Nur wer zehn Jahre "clean" ist, darf Waffen behalten


gunnerySergeant

Empfohlene Beiträge

Geschrieben

Einem Mann, der in den Jahren 1992 bis 1994 fünf Waffenbesitzkarten nebst zugehöriger Munitionserwerbsberechtigung erhalten hat, kann die Besitzberechtigung wieder entzogen werden, nachdem 2002 ein Gesetz in Kraft getreten ist, das vorschreibt, dass Bürger nicht die erforderliche Zuverlässigkeit für den Besitz von Waffen haben, wenn sie rechtskräftig wegen eines Verbrechens verurteilt worden sind und seit der (letzten) Verurteilung "zehn Jahre noch nicht verstrichen sind" (hier wurde der Mann nach Erhalt der Waffen strafrechtlich verurteilt). Das Bundesverwaltungsgericht hat entschieden, dass die 10-Jahres-Regel auch dann gilt, wenn die Verurteilung bereits vor dem In-Kraft-Treten des verschärften Gesetzes lag. (Bundesverwaltungsgericht, 6 C 24/06)

Quelle

Geschrieben

Edit 3. Versuch: hey, warum wird hier denn immer wieder ein Teil der Postings abgeschnitten ? :angry2:

Ich lehne mich jetzt weit aus dem Fenster. Das Urteil halte ich für falsch, weil für den Widerruf einer WBK § 45 Abs. 2 WaffG fordert, dass "nachträglich Tatsachen eintreten, die zur Versagung hätten führen müssen".
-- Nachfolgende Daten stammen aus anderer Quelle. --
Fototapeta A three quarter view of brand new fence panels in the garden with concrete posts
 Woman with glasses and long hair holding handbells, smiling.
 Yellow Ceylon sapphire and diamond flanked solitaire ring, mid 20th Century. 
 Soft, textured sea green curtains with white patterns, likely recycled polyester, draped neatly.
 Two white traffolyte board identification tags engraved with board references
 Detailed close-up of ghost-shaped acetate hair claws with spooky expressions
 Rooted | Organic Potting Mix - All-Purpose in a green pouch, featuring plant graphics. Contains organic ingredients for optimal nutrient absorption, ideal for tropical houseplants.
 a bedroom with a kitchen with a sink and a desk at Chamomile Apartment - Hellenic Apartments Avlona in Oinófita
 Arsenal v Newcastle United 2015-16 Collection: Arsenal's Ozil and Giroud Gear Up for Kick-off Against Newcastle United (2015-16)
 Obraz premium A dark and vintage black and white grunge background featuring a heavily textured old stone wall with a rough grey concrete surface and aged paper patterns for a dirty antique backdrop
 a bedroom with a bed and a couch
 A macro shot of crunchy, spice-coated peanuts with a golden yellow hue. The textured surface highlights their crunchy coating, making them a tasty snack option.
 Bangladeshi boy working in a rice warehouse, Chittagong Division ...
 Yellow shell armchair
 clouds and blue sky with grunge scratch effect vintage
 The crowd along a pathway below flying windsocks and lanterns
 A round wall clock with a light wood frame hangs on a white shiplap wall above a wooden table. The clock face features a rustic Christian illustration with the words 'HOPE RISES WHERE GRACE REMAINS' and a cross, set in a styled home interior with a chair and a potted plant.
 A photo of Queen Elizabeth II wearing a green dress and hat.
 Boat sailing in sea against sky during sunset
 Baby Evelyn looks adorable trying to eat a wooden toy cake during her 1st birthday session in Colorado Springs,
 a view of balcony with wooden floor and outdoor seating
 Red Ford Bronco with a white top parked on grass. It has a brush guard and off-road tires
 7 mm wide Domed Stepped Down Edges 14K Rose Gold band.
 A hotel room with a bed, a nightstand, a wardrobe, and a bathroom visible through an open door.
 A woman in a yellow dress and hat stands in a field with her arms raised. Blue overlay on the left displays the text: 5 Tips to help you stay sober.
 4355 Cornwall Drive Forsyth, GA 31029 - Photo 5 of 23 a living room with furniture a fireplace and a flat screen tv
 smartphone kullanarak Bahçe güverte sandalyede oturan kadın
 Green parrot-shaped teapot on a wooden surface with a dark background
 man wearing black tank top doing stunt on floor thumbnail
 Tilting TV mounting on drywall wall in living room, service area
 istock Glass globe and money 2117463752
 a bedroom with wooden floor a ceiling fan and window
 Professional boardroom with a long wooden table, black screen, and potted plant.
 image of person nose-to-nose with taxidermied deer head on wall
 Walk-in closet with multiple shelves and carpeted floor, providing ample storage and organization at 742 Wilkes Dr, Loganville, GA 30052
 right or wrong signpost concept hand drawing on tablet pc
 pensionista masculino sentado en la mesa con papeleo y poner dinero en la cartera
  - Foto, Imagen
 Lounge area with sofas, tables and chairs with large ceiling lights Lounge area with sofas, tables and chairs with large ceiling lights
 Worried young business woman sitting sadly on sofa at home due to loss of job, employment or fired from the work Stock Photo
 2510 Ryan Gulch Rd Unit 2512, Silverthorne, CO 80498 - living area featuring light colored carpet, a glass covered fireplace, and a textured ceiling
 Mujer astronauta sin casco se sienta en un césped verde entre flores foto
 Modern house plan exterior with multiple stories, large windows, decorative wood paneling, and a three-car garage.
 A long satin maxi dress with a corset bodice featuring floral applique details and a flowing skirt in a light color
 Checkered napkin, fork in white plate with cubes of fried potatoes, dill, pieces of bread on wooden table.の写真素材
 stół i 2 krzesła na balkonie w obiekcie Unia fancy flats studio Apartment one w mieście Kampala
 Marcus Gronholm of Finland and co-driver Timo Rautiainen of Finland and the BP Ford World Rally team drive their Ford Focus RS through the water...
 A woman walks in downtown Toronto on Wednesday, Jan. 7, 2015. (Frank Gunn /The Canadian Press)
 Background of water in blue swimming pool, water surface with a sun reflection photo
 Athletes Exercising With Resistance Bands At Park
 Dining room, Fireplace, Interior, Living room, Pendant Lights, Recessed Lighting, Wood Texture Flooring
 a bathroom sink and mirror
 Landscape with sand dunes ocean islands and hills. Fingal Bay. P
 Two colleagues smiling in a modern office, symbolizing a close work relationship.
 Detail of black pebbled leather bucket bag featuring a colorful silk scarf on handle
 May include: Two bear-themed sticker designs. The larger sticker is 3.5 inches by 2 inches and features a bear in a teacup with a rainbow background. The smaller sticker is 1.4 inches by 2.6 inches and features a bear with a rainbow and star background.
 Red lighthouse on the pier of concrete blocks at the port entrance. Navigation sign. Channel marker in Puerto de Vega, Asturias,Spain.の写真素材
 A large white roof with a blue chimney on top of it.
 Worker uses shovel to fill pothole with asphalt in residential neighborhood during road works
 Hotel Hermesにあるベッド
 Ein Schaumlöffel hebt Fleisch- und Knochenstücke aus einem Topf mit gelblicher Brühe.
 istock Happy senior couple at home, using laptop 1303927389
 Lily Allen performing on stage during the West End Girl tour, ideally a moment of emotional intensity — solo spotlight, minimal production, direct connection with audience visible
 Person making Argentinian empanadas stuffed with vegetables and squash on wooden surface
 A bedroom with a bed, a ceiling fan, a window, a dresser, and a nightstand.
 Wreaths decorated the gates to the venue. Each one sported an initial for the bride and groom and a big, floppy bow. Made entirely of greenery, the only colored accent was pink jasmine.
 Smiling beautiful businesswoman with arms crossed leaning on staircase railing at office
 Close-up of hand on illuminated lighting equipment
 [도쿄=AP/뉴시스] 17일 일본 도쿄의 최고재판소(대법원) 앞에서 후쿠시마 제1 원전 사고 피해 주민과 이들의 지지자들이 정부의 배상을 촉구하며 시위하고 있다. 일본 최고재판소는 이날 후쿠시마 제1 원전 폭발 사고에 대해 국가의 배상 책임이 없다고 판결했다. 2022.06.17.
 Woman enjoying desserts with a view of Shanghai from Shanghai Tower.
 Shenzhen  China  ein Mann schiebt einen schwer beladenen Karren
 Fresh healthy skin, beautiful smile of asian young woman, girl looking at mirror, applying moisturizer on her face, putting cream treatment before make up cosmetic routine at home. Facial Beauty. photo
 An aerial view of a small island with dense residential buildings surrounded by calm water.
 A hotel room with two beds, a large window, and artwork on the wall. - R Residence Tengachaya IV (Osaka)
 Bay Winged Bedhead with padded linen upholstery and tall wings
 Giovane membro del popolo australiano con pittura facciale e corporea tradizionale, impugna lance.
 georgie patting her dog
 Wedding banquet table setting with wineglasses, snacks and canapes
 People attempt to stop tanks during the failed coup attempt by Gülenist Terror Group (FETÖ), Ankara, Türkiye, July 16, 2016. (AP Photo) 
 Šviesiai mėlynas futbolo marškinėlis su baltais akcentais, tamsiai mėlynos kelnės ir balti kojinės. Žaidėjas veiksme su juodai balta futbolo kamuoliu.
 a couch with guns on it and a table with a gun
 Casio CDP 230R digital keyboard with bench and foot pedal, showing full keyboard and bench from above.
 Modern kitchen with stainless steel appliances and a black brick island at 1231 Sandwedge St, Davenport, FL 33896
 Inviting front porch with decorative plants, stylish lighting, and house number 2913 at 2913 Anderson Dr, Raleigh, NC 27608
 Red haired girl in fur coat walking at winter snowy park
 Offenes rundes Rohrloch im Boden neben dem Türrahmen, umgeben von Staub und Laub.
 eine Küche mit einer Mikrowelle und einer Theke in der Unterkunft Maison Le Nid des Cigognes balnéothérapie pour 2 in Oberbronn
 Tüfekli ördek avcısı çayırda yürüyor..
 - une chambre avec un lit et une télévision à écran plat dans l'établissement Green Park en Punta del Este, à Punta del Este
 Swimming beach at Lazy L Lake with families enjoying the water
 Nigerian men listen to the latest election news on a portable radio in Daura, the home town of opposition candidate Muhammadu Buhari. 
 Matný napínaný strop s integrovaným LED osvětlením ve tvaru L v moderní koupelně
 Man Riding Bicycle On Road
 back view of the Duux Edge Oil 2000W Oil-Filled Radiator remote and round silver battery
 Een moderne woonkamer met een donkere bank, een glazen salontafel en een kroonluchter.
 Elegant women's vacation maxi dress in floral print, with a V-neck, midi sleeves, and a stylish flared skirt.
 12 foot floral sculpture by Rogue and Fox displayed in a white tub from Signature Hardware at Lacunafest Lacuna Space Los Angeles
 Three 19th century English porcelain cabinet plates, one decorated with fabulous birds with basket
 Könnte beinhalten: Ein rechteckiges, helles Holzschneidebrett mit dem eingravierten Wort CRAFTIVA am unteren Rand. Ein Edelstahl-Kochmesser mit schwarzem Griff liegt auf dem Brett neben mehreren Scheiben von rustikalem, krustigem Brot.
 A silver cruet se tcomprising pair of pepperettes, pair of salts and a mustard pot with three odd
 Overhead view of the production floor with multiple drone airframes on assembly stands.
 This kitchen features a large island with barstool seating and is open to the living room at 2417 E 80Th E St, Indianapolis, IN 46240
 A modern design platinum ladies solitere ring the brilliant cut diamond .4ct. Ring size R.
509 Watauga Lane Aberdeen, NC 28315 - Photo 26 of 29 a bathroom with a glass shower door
Die WBK genießt hier also im Sinne von § 58 Abs. 1 WaffG Bestandsschutz, zumindest bis zu einer evtl. neuen Verurteilung.

Geschrieben

§ 45 Rücknahme und Widerruf

(1) Eine Erlaubnis nach diesem Gesetz ist zurückzunehmen, wenn nachträglich bekannt wird, dass die Erlaubnis hätte versagt werden müssen.

(2) Eine Erlaubnis nach diesem Gesetz ist zu widerrufen, wenn nachträglich Tatsachen eintreten, die zur Versagung hätten führen müssen. Eine Erlaubnis nach diesem Gesetz kann auch widerrufen werden, wenn inhaltliche Beschränkungen nicht beachtet werden.

Geschrieben

Ohne den Betroffenen wegen der verübten Tat in Schutz nehmen zu wollen, verweise ich auf:

§1 StGB sowie Art. 103, Abs. 2 GG

"Nulla poena sine lege" => "Keine Strafe ohne Gesetz".

Oder mit anderen Worten: Was zum Zeitpunkt der damaligen Rechtsprechung gesetzlich legalisiert war, kann nicht im Nachhinein als gesetzwidrig erklärt werden. Denn dem steht der Grundsatz des Rückwirkungsverbots (Art.103,Abs.2 GG: "Eine Tat kann nur bestraft werden, wenn die Strafbarkeit gesetzlich bestimmt war, bevor die Tat begangen wurde.") entgegen.

Geschrieben

Ja SB,

daß die begangene Tat bereits damals strafrechtlich relevant war, daran besteht ja sicher auch kein Zweifel.

Aber hier geht es ja darum, daß eine gesetzliche Regelung, die erst wesentlich nach der einstmals gültigen, und zum Zeitpunkt der Vergabe der WBK'n maßgeblichen Gesetzgebung in Kraft trat.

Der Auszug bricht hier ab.